Texas courts growth in Asian visitors

China Daily | Updated: 2017-11-28 07:50

Houston among cities stepping up efforts to lure Chinese tourists

HOUSTON, Texas - He may have retired in 2011, but Chinese basketball legend Yao Ming is still proving an influential figure. This time, though, it's not on the court but in the competitive field of tourism.

The former Houston Rockets center has played a huge role in attracting Asian tourists to the city. In fact, more Chinese tourists have visited Texas this year than ever before and are soon expected to become the largest group of overseas visitors (not including Mexico and Canada) to the United States.

And cities like Houston are trying to cash in, according to Attract China, a New York-based company that focuses on outbound Chinese tourism to North America.

David Becker, CEO of Attract China, said the contribution of Chinese visitors to the US economy is expected to hit $85 billion by 2021.

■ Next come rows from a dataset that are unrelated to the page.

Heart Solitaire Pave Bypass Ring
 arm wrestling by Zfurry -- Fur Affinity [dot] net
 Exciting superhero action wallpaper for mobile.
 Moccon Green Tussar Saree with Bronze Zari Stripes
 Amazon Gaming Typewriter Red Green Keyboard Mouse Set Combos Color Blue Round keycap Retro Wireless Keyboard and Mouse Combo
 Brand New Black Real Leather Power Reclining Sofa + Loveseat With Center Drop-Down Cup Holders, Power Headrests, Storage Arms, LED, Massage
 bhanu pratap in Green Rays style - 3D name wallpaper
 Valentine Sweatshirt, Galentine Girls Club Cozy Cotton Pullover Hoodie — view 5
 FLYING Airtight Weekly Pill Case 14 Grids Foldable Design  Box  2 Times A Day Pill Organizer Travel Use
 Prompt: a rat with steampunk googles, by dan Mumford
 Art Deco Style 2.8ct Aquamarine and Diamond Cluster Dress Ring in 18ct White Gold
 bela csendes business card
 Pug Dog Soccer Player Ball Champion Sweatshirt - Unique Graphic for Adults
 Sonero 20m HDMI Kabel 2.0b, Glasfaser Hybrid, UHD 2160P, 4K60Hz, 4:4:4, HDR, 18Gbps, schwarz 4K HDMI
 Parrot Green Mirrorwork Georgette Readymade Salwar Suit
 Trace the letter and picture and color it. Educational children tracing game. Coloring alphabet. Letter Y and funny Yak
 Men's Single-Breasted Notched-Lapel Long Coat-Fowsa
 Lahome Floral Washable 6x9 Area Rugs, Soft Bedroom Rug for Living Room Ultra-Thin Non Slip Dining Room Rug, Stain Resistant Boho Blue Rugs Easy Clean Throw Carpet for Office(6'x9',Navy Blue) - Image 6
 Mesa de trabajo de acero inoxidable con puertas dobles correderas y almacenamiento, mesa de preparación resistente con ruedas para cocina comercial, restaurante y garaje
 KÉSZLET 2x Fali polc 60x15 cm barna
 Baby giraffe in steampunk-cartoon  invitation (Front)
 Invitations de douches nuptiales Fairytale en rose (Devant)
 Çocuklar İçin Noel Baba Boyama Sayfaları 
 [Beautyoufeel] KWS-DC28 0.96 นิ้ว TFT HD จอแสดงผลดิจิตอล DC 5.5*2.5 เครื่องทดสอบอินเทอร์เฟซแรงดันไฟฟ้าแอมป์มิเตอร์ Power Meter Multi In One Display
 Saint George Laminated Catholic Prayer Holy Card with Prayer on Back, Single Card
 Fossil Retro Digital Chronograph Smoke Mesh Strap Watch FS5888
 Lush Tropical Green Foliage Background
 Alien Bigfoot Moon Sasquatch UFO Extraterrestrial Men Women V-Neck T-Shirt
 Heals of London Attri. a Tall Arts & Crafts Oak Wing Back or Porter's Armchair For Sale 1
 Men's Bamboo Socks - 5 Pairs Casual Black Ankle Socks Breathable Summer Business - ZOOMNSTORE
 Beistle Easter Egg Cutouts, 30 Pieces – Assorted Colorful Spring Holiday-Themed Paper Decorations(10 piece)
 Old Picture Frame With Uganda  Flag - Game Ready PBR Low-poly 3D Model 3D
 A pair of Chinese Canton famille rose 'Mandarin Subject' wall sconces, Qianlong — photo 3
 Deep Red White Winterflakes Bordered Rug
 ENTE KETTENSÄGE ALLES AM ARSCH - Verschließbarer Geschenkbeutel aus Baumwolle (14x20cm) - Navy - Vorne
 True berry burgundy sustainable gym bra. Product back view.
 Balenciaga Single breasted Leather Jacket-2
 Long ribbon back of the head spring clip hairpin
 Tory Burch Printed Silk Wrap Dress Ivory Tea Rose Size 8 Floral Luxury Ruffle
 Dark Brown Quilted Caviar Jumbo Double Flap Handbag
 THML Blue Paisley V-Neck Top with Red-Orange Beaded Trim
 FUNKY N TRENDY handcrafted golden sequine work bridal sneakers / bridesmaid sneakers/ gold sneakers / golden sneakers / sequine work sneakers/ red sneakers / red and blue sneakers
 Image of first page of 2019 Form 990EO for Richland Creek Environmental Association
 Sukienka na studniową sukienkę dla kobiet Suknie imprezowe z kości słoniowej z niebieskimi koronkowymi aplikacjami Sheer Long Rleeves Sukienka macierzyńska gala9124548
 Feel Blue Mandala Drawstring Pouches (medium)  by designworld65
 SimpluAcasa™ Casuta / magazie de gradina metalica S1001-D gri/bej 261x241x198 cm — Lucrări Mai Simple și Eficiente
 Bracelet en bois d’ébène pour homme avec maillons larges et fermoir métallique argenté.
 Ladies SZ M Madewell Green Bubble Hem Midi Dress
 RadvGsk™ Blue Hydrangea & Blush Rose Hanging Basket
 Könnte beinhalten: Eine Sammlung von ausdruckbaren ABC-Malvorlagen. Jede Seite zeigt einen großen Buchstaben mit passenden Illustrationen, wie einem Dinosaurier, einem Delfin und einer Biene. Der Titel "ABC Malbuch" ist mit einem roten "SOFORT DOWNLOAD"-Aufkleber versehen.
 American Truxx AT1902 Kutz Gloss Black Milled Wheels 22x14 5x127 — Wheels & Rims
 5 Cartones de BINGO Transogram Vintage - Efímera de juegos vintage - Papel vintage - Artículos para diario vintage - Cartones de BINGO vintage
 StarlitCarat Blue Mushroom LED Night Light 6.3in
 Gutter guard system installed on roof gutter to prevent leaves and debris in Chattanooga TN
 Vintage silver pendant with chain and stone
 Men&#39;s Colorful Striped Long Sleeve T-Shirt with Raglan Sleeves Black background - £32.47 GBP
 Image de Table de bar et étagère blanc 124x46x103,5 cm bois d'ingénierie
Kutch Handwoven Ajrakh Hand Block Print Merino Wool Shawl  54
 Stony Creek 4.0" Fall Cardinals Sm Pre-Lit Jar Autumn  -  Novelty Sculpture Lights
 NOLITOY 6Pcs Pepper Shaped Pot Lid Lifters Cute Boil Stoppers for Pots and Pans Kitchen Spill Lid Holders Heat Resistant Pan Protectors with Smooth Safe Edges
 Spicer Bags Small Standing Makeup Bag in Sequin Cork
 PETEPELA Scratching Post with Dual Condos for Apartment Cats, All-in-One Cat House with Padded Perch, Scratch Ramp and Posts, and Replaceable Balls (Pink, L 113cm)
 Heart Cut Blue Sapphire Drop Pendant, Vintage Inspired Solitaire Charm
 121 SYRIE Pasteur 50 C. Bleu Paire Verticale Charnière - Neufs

According to a report released in August by the US Commerce Department, 2.97 million Chinese tourists traveled to the US in 2016, spending a total of $33 billion. The figures are up 15 percent and 9 percent, respectively, from 2015.

The report showed that Chinese visitor arrivals ranked fifth, trailing Canada, Mexico, UK and Japan, and China ranked seventh in terms of total tourism-related spending in the US.

Travel and tourism exports account for 61 percent of all US services exports to China, according to a report compiled by the National Travel and Tourism Office.

Tourism was the largest service export for the US in 2016, accounting for 33 percent of services exports and 11 percent of exports overall.

With the Christmas holiday season in full swing on the Texas Gulf Coast, businesses are stepping up their efforts to attract customers from Asia.

Local hotels, like the upscale St. Regis Houston, make a special effort to accommodate visitors, with signs written in Chinese characters and green tea in the rooms. The hotel also provides a toothbrush, comb and razor blades because many hotels in China do provide toiletries for guests.

Chinese tourists recently became the biggest international shoppers at The Galleria, Houston's premiere upscale indoor mall, and stores are even hiring Mandarin-speaking sales staff to cater to them.

And at Moody Gardens in Galveston, a team from Harbin, the capital of the northeast Heilongjiang province, sculpted 138-kilogram blocks of ice into monkeys, butterflies and orchids to create an exhibit for holiday makers.

Meanwhile, an increasing number of tourists are taking to the seas on cruise ships, embarking on voyages to Mexico and the Caribbean, and beyond.

As a well-known port city in the US, Galveston plans several new vessels and schedules next year, including the addition of a second Royal Caribbean ship as well as the newest ship in the Carnival Cruise Line fleet.

Cruise volume has grown substantially since 2014, with Asian passengers representing a growing part of the mix. The Port of Galveston embarked 868,923 passengers in 2016, an increase in embarkations of 35.4 percent over 2014, according to port officials.

"Over the past few years, we've seen increasing numbers from various demographics," said Will Wright, spokesman for Galveston Historical Foundation. "Hispanic guests, as well as those from Asian countries, are steadily growing annually."